*Goal of the exercise*
Could you restate word for word only the lines below from the one holding "Avenida da Liberdade in Lisboa" to the one holding "ZF TL5798 7x17 5x100 ET47 DIA56,1 (BMF)", inclusive, and leave out the pictures?

*Data shown*
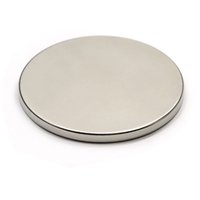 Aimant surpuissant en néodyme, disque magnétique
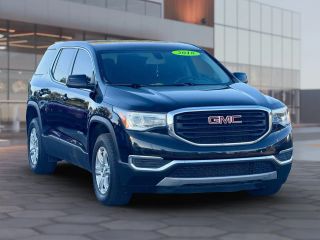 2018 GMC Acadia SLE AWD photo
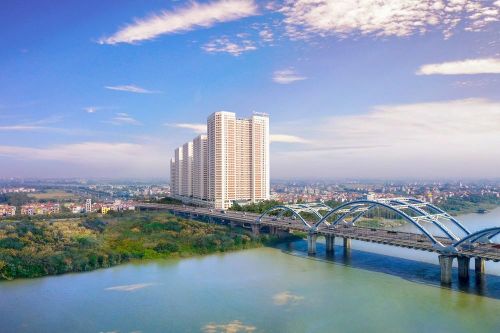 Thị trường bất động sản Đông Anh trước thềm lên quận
* * *
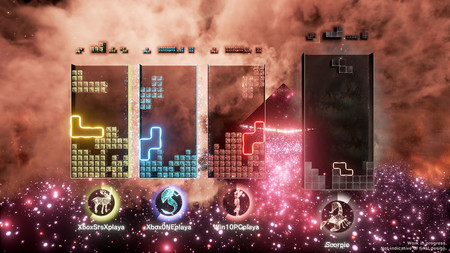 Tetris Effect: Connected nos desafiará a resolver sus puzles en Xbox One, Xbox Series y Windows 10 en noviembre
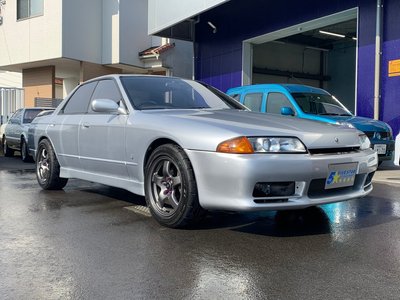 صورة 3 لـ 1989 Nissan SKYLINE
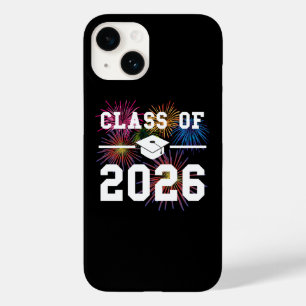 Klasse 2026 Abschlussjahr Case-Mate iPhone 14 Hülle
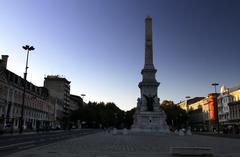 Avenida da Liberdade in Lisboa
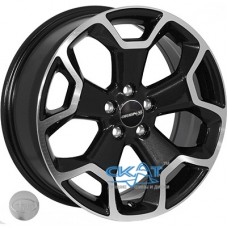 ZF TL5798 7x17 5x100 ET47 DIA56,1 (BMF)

*Your response*
 Avenida da Liberdade in Lisboa
 ZF TL5798 7x17 5x100 ET47 DIA56,1 (BMF)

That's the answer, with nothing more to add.